Chris Christie Chooses Wisely by Passing on 2012

New Jersey Govenor Chris Christie today announced that he will not seek the presidency in 2012.

For Christie, this is the best move possible. By focusing on building both New Jersey's economy and his political base, Christie will increase his stock as a headline candidate in 2016. 

A new Washington Post-ABC News poll finds that 42% of Republicans and right-leaning Independents would like to see Christie enter the race for the Republican nomination for president. 

Christie has a lot of momentum and fire behind him. He is the "it" candidate, the next best thing, the one to actually take control of the race and rally the GOP base … wait that sounds familiar, wasn’t Texas Governor Rick Perry the next best thing?
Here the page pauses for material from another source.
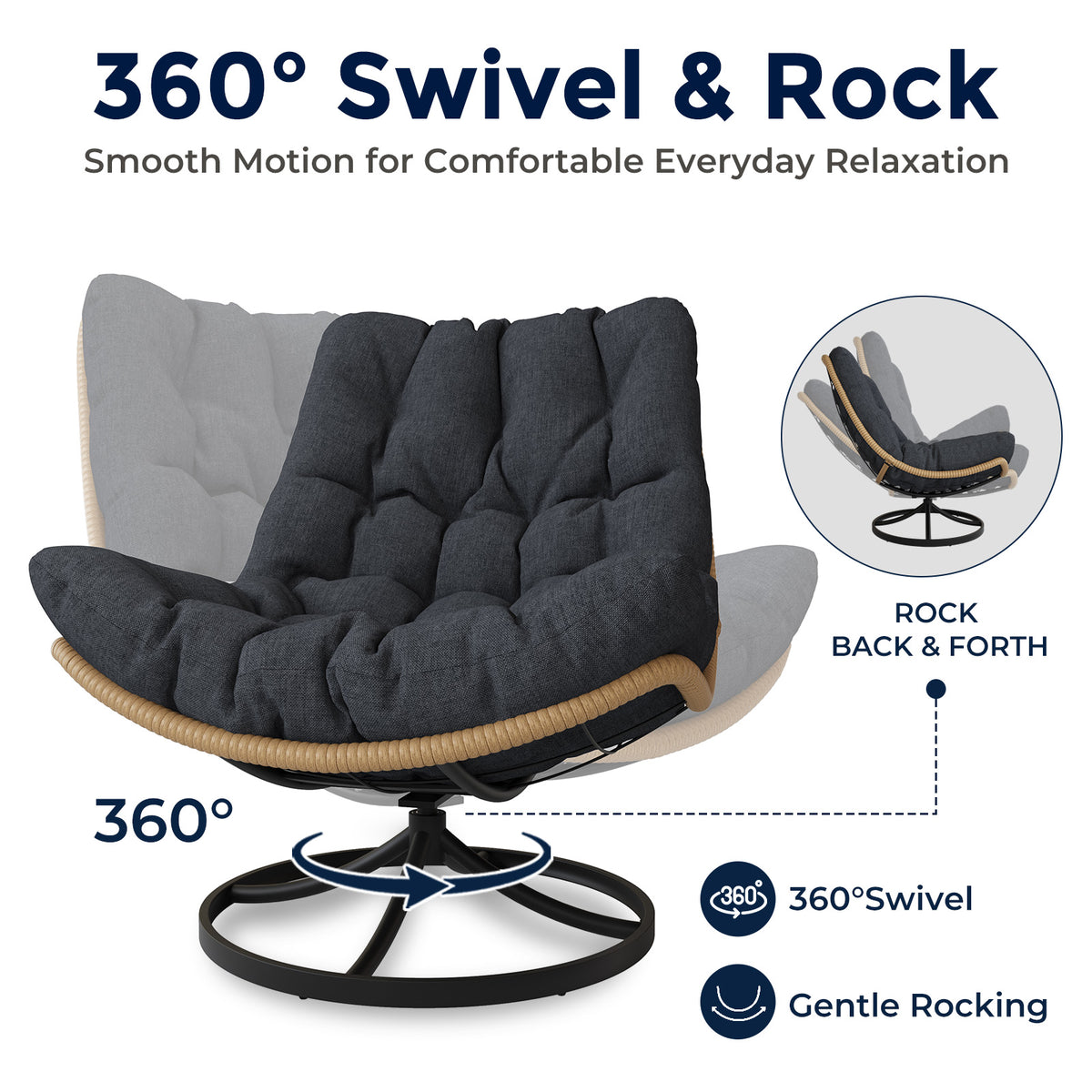 SWITTE Outdoor Wicker Swivel Chair, 360° Rotating Patio Chair, Charcoal Comfy Rattan Swivel Papasan Chair with Thick Cushion, Oversized Egg Rocking Chair Stable Steel Base for Balcony, Porch, Lawn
Now look at his numbers. Christie has rightly taken heed from Perry’s drastic mistake by staying away from the train wreck that is the GOP presidential campaign. He is better served shelving his campaign until 2016. Jumping in hastily would only severely handicap Christie’s chances of winning, and once the initial nostalgia fades away, Christie’s record would likely come under attack, much like Perry’s.

If Christie had announced his candidacy now he would be at a significant disadvantage going into the primaries. He will not have a sufficient amount of time to fundraise and campaign in order to make a splash in Florida and New Hampshire come January. Sure, former President Bill Clinton joined the race late in 1991 but he had started exploring the possibility of running months prior to throwing his name in, he did not join seemingly on a whim. By waiting until the next election cycle, Christie will be able to build a strong national following as well as a grassroots base, much like Obama did following his riveting speech at the 2004 Democratic Convention.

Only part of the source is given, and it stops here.